Le rapprochement turco-arménien n’est pas entravé seulement par les exigences officielles de part et d’autre, mais également par de fortes résistances populaires dans les deux pays. Résistances minoritaires certes, mais qui ont réussi à jeter une ombre sur la cérémonie de signature des protocoles et pourraient réussir à retarder leur ratification. Les extrémistes turcs et arméniens qui se vouent une haine inextinguible suivent maintenant un objectif commun : faire échouer la ratification.
Le match aller entre la Turquie et l’Arménie a eu lieu le samedi 10 octobre à Zürich et les deux pays en étaient sortis gagnants après la signature des « accords historiques ». Les deux principaux protagonistes du match, le Turc Ahmet Davutoglu et l’Arménien Edouard Nalbandian, se sont longuement serrés la main et se sont chaudement congratulés de leur victoire commune face aux spectateurs européens, américains et russes qui applaudissaient en arborant de larges sourires.

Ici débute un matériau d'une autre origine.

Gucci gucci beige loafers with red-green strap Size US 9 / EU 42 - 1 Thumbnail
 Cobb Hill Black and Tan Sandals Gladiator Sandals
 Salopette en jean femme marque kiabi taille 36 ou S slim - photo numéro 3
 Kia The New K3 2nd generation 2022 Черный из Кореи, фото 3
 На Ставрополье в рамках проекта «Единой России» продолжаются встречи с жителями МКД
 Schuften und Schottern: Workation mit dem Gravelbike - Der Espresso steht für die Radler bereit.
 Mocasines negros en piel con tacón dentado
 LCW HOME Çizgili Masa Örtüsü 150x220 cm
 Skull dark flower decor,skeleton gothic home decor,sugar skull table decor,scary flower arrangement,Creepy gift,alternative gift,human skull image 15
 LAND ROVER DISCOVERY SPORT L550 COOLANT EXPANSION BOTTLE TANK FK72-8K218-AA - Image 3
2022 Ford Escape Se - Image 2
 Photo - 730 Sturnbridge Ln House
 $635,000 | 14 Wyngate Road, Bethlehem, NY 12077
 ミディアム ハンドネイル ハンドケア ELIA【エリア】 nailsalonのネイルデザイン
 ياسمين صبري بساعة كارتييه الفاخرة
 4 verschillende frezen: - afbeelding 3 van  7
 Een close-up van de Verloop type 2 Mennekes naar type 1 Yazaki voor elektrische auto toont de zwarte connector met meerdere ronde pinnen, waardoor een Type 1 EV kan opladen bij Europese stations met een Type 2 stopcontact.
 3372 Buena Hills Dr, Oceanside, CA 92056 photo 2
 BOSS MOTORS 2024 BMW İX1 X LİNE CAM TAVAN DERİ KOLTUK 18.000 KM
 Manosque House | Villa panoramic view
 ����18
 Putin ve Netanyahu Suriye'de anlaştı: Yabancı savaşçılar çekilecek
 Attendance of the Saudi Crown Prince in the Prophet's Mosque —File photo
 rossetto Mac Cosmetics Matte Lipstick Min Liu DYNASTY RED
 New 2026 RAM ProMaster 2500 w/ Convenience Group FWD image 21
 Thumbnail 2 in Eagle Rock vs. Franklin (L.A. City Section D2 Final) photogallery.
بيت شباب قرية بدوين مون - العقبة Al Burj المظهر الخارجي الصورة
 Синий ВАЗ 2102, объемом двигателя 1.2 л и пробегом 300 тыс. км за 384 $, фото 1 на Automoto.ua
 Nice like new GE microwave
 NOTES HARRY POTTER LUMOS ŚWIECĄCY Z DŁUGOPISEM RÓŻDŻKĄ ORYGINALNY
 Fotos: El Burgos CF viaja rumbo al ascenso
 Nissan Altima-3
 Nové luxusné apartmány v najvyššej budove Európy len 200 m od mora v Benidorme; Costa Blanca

Le match retour pour la ratification, dont la date n’est pas fixée, se déroulera dans les deux capitales, Ankara et Erevan. La victoire des deux pays dans ce match retour est de rigueur si l’on ne veut pas retourner à la case départ. Et si l’on ne veut pas de la victoire de ceux qui ne sont pas intéressés par le jeu, mais par les troubles.